In 2017 we wrote about how Artificial Intelligence (AI) can benefit and enhance Robotic Process Automation (RPA), and earlier this year we looked at some ways that AI can help with the actual implementation of RPA. It’s clear that AI has a big part to play in the success of RPA (in what people are currently calling Intelligent Automation) as well as providing value in its own right. But people generally don’t know how to find AI, how to buy it, and how to deploy it. The good news is that this is getting easier and easier, as the use of AI becomes much more democratised within business.
There are four fundamental ways that businesses can access AI. The first is the simplest and currently the most popular; bringing in a software vendor that has already designed, built and tested a solution. The benefits are clear – the client doesn’t have to learn, or recruit, any specific AI skills and the value is delivered relatively quickly. All that is required is installation (or connection, if it is SaaS) and configuration / training. The tricky bit, of course, is making sure that the vendor’s solution matches your requirements exactly. If it does, you are good to go, but if it doesn’t quite match then you may need to look at other, more tailored, solutions.
At the other end of the scale, there is the competitive-advantage-wielding bespoke solution. This would be when the business has a unique set of data and an idea that no one else has done before. This sort of approach will require AI developers and data scientists, probably from a consultancy and probably very expensive. The prize though, can be very big, with the potential to transform a market or even create a completely new one.
Between these two extremes are a couple of other options, where some distinctiveness is required but where you don’t want to start from a blank sheet of paper. The less-than-optimum version of these two is where you go to your incumbent outsourcing provider and use their in-house AI solutions. This can work, but generally it will be like fitting a square peg in a round hole (and using the provider’s resources to do it with).

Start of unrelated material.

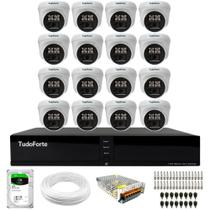 Kit 16 Câmeras de Segurança Tudo Forte Dome Interna Full HD 1080p Visão Noturna de 20m 2.8mm + DVR Tudo Forte TFHDX 3316 16 Canais + HD 1TB Barracuda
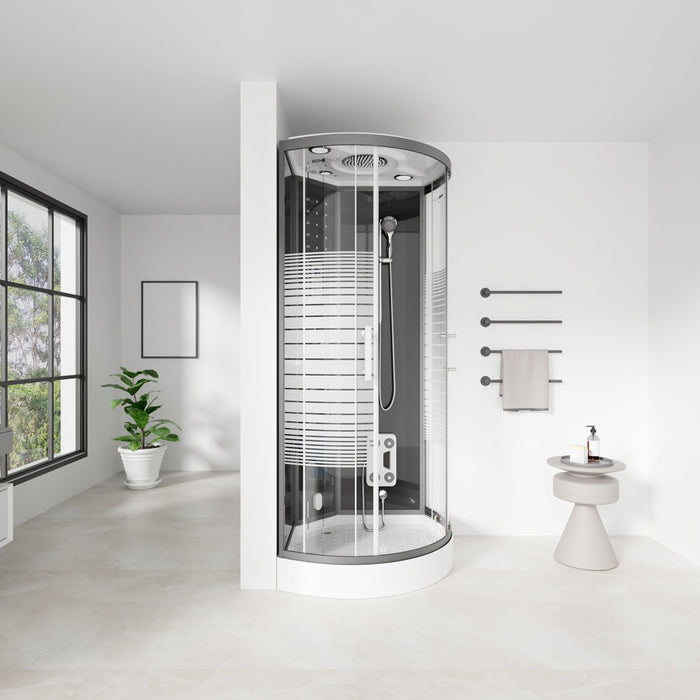 Doccia a vapore con sauna a vapore a cascata MANTA BLACK, 90x90x220cm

Probably the most favourable solution will be to use one of the few AI platforms that have come to market in the last few years. The biggest, and most popular of these, are provided by Google, Amazon, Microsoft and IBM. Each has a range of algorithmic services, such as ‘speech-to-text’, ‘Q&A’ or ‘Face Recognition’, that can be accessed through an API. The client pays a small charge every time the API is called. You will still have to build some software around the algorithms, but this solution provides a good balance between individuality and standardisation.
As well as the tech giants’ platform solutions, there are now a few independent vendors, such as Kortical, H20 and Polymatica, that can provide a range of different AI services. Most are focused on the data analytics end of AI, but some include Natural language Processing capability as well. These will be the interesting players to watch over the next year or so.
So, accessing artificial intelligence capability is set to become much simpler with the advent of more and more AI vendors and the new AI platforms. It’s never going to be plug-and-play, and you will likely have to use consultancy advice at some point on the journey, but the ability for businesses to exploit AI alongside their RPA capabilities is now easier than ever.